What you have to do » Please transcribe the data that follows exactly as given, leaving out every picture.

[Material for this task Boundary: Start]

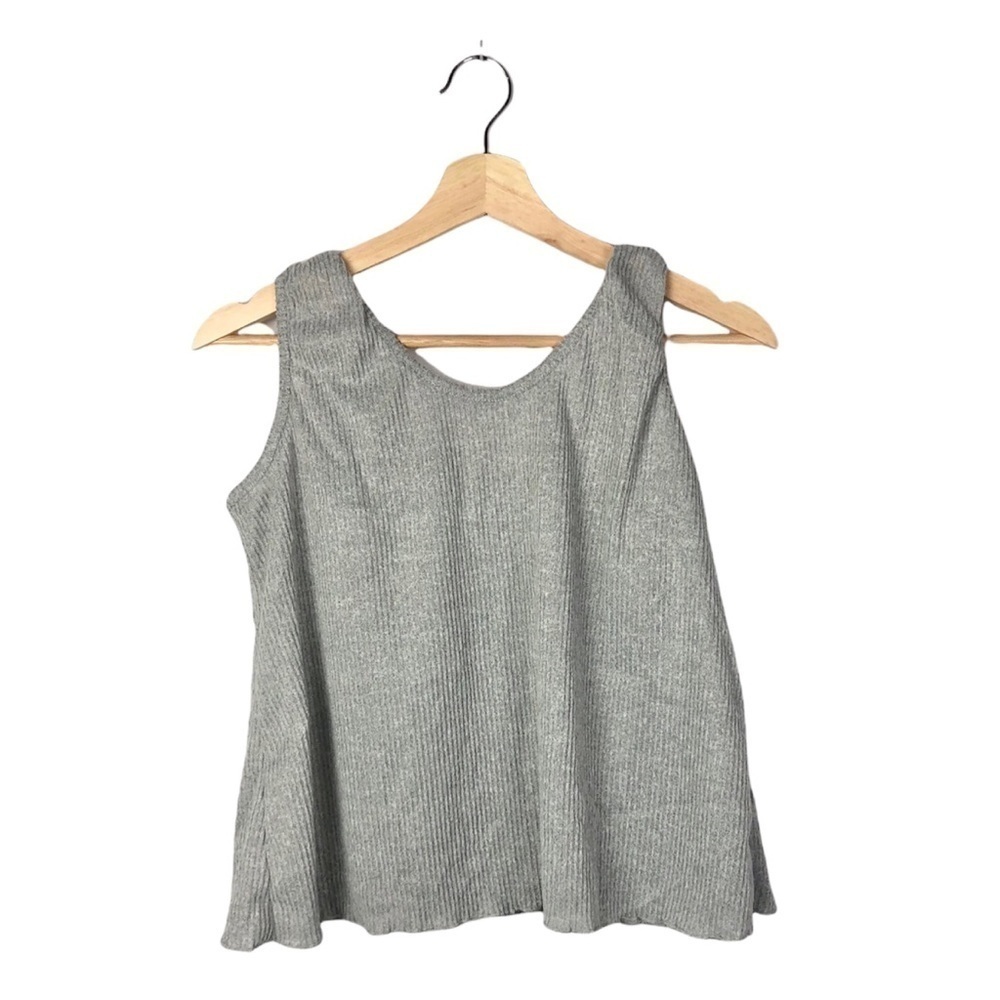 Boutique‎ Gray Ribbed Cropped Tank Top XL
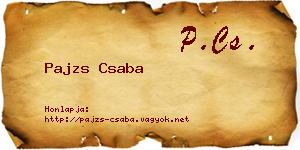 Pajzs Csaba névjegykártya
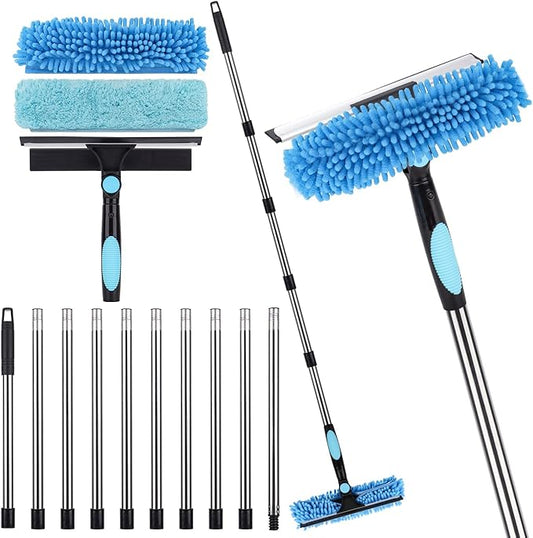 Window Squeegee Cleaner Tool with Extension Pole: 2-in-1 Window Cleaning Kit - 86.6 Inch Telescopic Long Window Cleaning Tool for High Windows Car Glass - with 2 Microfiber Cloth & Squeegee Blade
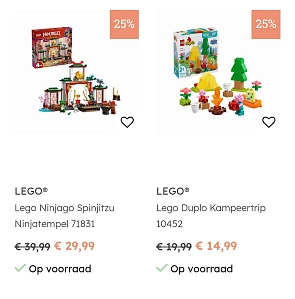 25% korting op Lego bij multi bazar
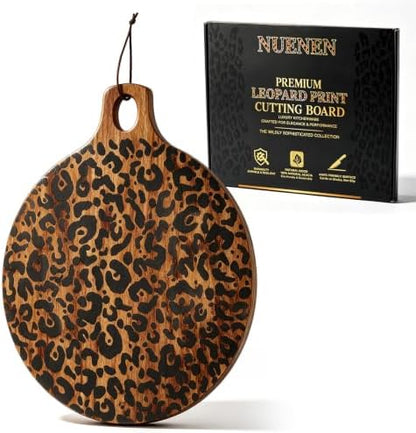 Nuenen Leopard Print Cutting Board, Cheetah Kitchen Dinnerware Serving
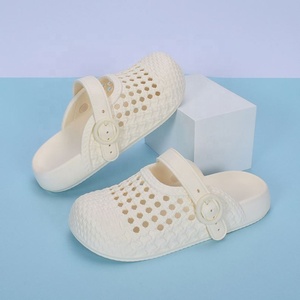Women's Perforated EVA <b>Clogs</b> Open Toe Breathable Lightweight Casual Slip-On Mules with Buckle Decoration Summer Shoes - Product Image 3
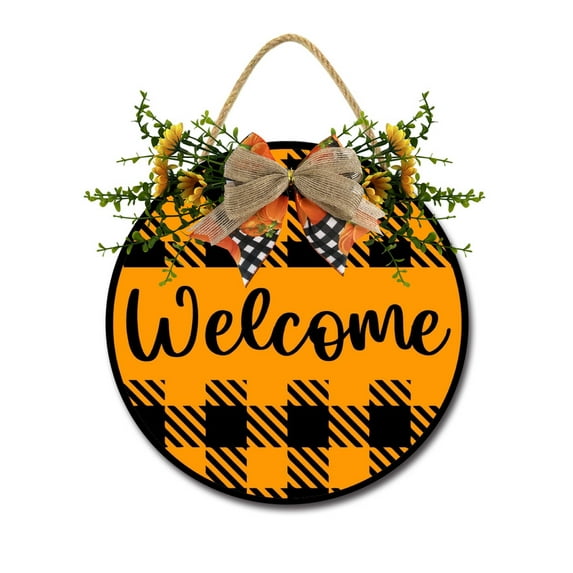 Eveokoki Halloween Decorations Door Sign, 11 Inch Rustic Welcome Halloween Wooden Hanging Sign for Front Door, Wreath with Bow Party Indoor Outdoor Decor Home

[Material for this task Boundary: End]

Problem solution »
 Boutique‎ Gray Ribbed Cropped Tank Top XL
 Pajzs Csaba névjegykártya
 Window Squeegee Cleaner Tool with Extension Pole: 2-in-1 Window Cleaning Kit - 86.6 Inch Telescopic Long Window Cleaning Tool for High Windows Car Glass - with 2 Microfiber Cloth & Squeegee Blade
 25% korting op Lego bij multi bazar
 Nuenen Leopard Print Cutting Board, Cheetah Kitchen Dinnerware Serving
Women's Perforated EVA <b>Clogs</b> Open Toe Breathable Lightweight Casual Slip-On Mules with Buckle Decoration Summer Shoes - Product Image 3
 Eveokoki Halloween Decorations Door Sign, 11 Inch Rustic Welcome Halloween Wooden Hanging Sign for Front Door, Wreath with Bow Party Indoor Outdoor Decor Home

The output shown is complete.